Setting up usages very different from what ordinary people actually say or think seriously impedes communication
But it gets worse than that. Dubbing as a hate incident anything that anyone thinks is motivated by hate not only serves to confuse: it is also a direct attack on our intuition about the nature of things, which is that either an action is motivated by hate or it isn’t, and that if someone thinks it is when in fact it isn’t he is simply wrong. Again, our instinct is to regard racism as actual personal prejudice; the idea of systemic or structural racism seeks deliberately to contradict this and characterise as racism, with all its connotations, something most of us would think simply was not.
This process of dislocating our thought processes may be in part deliberate. It certainly benefits a certain intellectual elite. Even without going into allegations of slightly dodgy academic practices under which a fairly small number of doubtful articles spawn a minor citation industry and thus gain respect they do not deserve, erecting a whole new class of definitions has the effect of setting up their proponents as more intelligent than the rest of us and therefore better qualified to discuss such matters than we are. It also may have the effect of discouraging making scepticism more difficult. If you, for example, posit some underlying but ultimately unprovable substratum of “structural racism” as the real source of inequalities, it makes it hard for an old-fashioned liberal to argue with you. (This, one suspects, may be the real reason for the woke outcry at the doubt thrown by the Sewell Report on the significance of structural racism: by putting the whole issue of the present effect of racism in Britain back on the menu for argument, it has removed a great deal of scope for shutting down debate).
This leaves to the last, however, the real difficulty of the retreat into official or expert definitions. If they do not reflect actual usage and indeed often contradict it, what purpose do they serve? The answer is not difficult: as readers will almost certainly have noticed, almost every single one is aimed at grinding a specific political or social axe. Define Islamophobia as a form of racism, as the and you immediately wrong-foot anyone with concerns about the effects of militant Islam. Define a museum as a democratising space for critical dialogue, and you gain credibility in the arts world as someone concerned to strike a blow against artistic elitism and in favour of cultural activism. Describe a hate incident as anything perceived to be hostile to a given class, and you pave the way to restricting speech on the basis of mere perceived offensiveness: and so on.
This move towards new-style definitions divorced from ordinary people’s ideas turns out to be almost literally Orwellian
In short, this move towards new-style definitions divorced from ordinary people’s ideas turns out to be almost literally Orwellian.

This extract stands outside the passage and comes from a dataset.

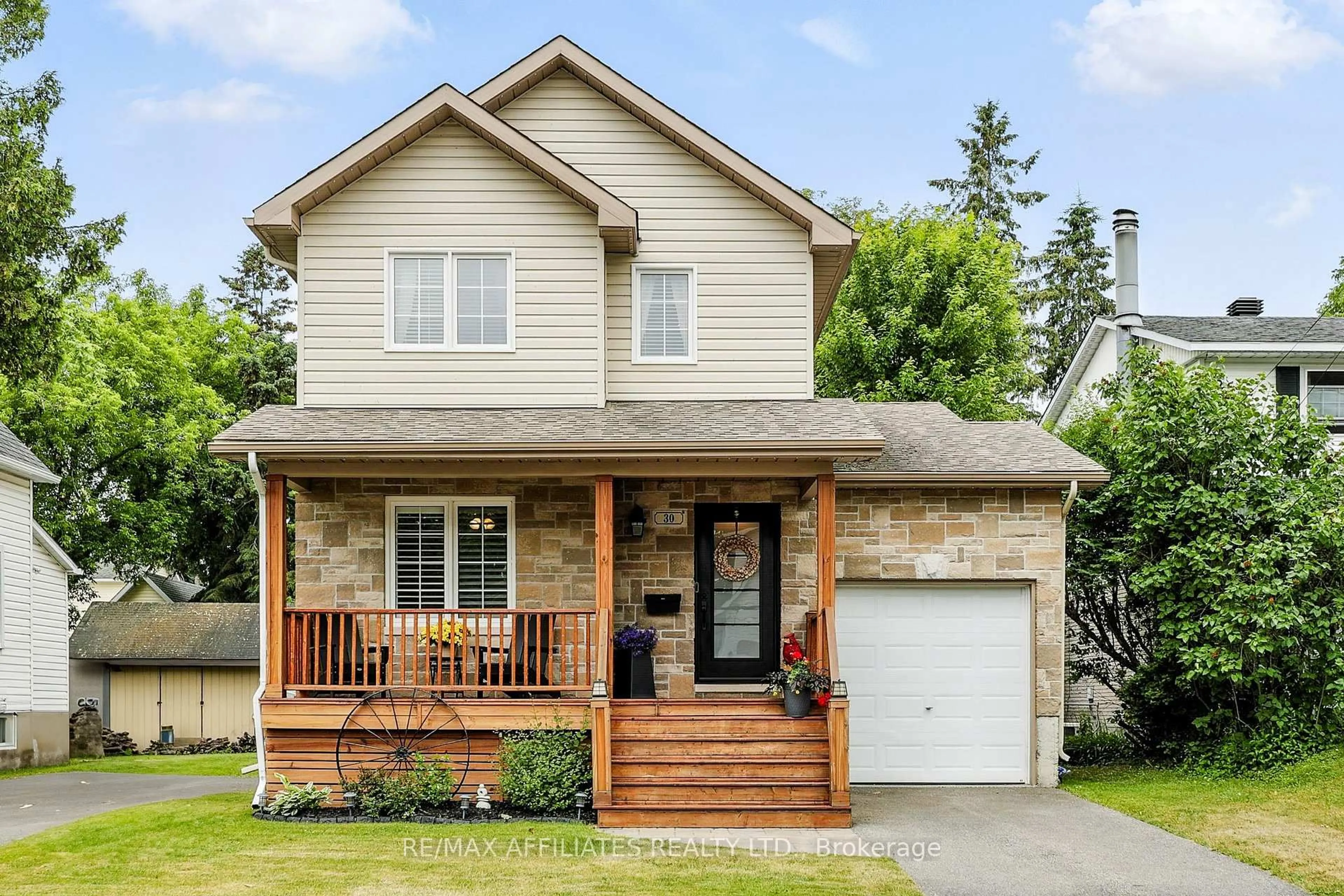 Home with vinyl exterior material, street for 30 Napoleon St, Carleton Place Ontario K7C 2X6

Instead of language giving us a common point of reference from which to launch rational argument, it is being bent to do almost the opposite: it is becoming something like Newspeak, “designed not to extend but to diminish the range of thought.” The only difference is that, ironically, the job is now being done not by an established government wishing to consolidate its power, but by a self-serving group of people whose aim is to subvert it. But the damage is the same in either case.